The motion, brought before the council by Howard County Sheriff Steve Rogers, would bump the amount paid to the dependents of deceased officers from $30 to $1,000 per month through an adjustment to the department’s benefit plan.
While Rogers said his goal was to provide funding for the families of officers killed in the line of duty, the council also discussed the option of including officers who die of natural causes while employed by the department.
The council will likely vote on a measure including one or both options at its next meeting on June 28.
In effect, the $1,000 per month benefit would be standard among all families, regardless of how many dependents are involved.
For instance, four dependents of a fallen officer would receive the same monthly amount as a single dependent of another deceased officer. Funding would continue until the youngest child turns 18 years old.
While some counties provide $1,000 to each dependent, Rogers, who said he supported the council’s decision to review the change, wanted to be “a little more conservative,” he noted.
The increase would come as the first adjustment to the $30 amount since the plan was adopted in 1974.
“That is woefully lacking for today,” said Rogers.
The increase, which was motivated by the death of Deputy Carl Koontz on March 20, was given wide support by those on the council who spoke Tuesday.

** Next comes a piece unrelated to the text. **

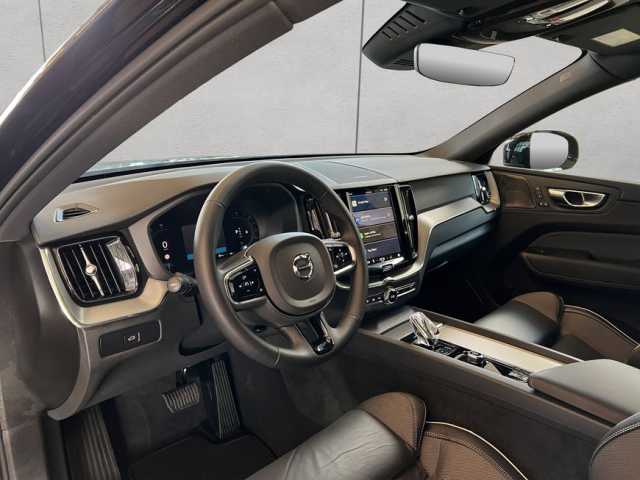 Volvo XC60 Dark Plus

Koontz left behind a now 9-month-old son, Noah Koontz.
With the funding retroactive to Jan. 1, however, numerous members expressed their desire to read through a study commissioned by the sheriff’s department and research the effect possible increases could have on the department’s pension plan before voting on the measure.
“I am most agreeable to the proposal here but I would like to have some paper in front of me with some numbers that I can refer to please before we vote on this,” said council member John Roberts.
“It is a big step to the plan that you would want to make sure,” added council member Jeff Stout. “We are setting a precedent for a long time.”
In relation to the department’s pension plan, Stan Brown of McCready and Keene, a benefits consulting firm, said it is solvent enough to handle such funding increases.
In addition, Rogers called the pension plan, which is paid by officer contributions and service of civil process fees in lieu of dipping into the general fund, one of “most solvent plans in the state.”